You use a database schema to define the data; you use a data catalog to maintain and access it.
Just as a library has a catalog to help readers discover books they’re interested in, an enterprise can develop a data catalog that gives an overarching view of its data assets. A data catalog can perform automated discovery of data sets, both for building the initial catalog and for ongoing discovery of new data sets. It uses an automated discovery process to build data dictionaries.
A data dictionary contains definitions of data sets and elements along with metadata that describes them, such as field data types and constraints.
But for the data catalog, the data dictionary is just a base to build on. The catalog encompasses relationships between data sets, data lineage (where each data element comes from and where it’s used), and a glossary entry for each field that explains how it’s used in the organization. It provides a visual interface to the data for analysts, with search capabilities so they can find exactly what data they’re interested in.
One of the biggest benefits of a data catalog is that it can make analytics easier for folks who aren’t experts. You can certainly do analytics without one, but a data catalog is a useful reference tool for people who write reports and dashboards. It helps self-service analysts see what data is available for analytics, where it comes from, and what other data it’s related to.
Finding the right data catalog
You could build your own data catalog, just like you could build your own data pipeline, but there’s no need. Dozens of software vendors offer data catalog tools that run on-premise or as a service. (We recommend the latter.) It makes sense to use these products and let your developers spend their valuable time working on software that improves your own products instead of building infrastructure tools.
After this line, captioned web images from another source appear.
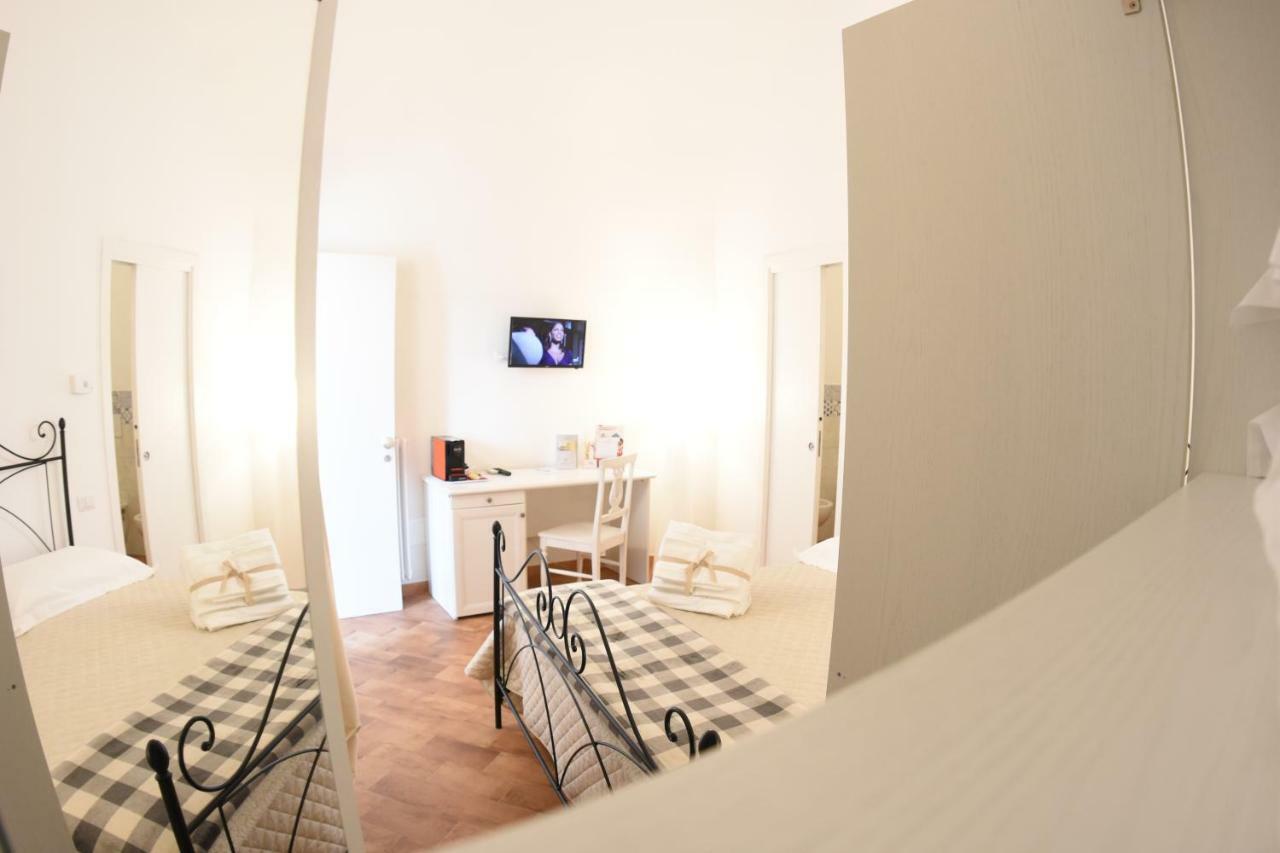 B&B Fontana La Stella Gravina in Puglia Exteriör bild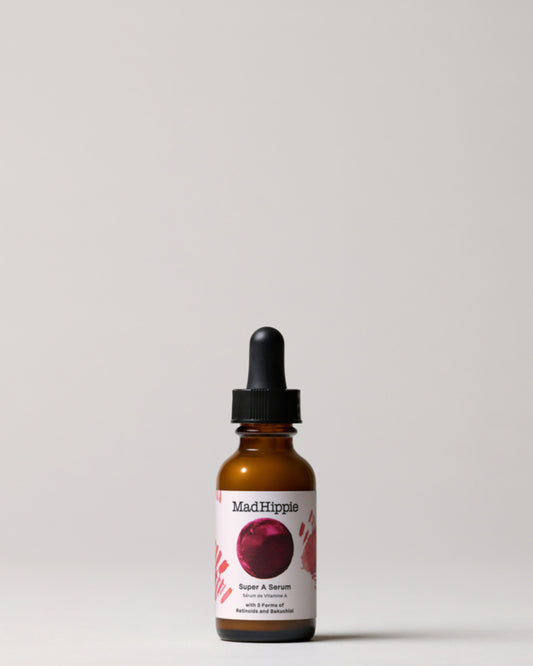 Mad Hippie - Vitamin A Serum 30ml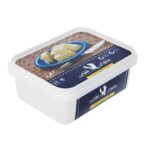 ساندویچ ژامبون مرغ وارن بو *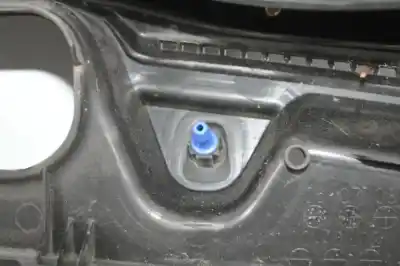 Pezzo di ricambio per auto di seconda mano siluro per mazda 2 (dy) 1.4 cd riferimenti oem iam df72507p1  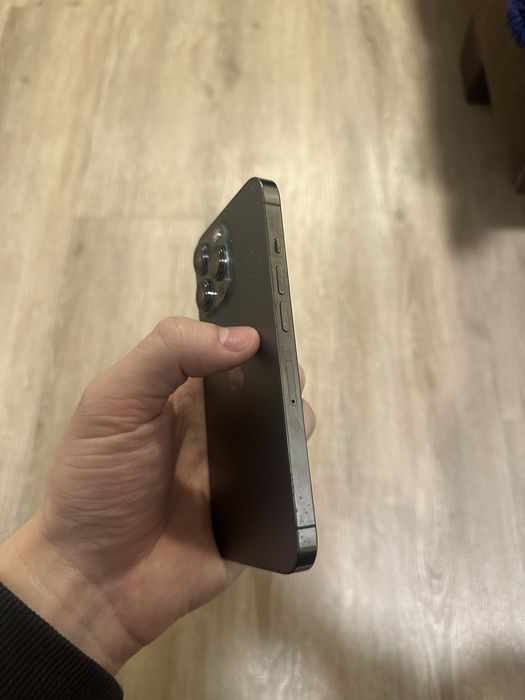 iPhone 13 pro 256 grey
However, a data catalog isn’t one of those products you install and it just works. You need to designate a database administrator or data engineer to keep the data catalog up to date and available.
Different data catalog services are suited for different use cases, so it’s a good idea to narrow your search by seeing how well each one fits your use case. Some data catalogs handle data in data lakes, which makes them suitable for data science use cases. Others are more business-oriented, and therefore probably what anyone reading this post is looking for.
You want a data catalog that can read metadata from transactional databases, NoSQL databases, and data warehouses — in other words, anywhere that your organization stores data.
Best practices for data catalog development
If you decide to build a data catalog, the usual advice for developing software products applies. Start small, with a catalog oriented for use by a team that’s already happy with you.
Once you’ve worked out any difficulties, move on to more widely used data sets that hold core customer transaction data.
Finally, expand availability to other groups and departments in the organization, starting with people in roles similar to the use cases you’ve already deployed the software to.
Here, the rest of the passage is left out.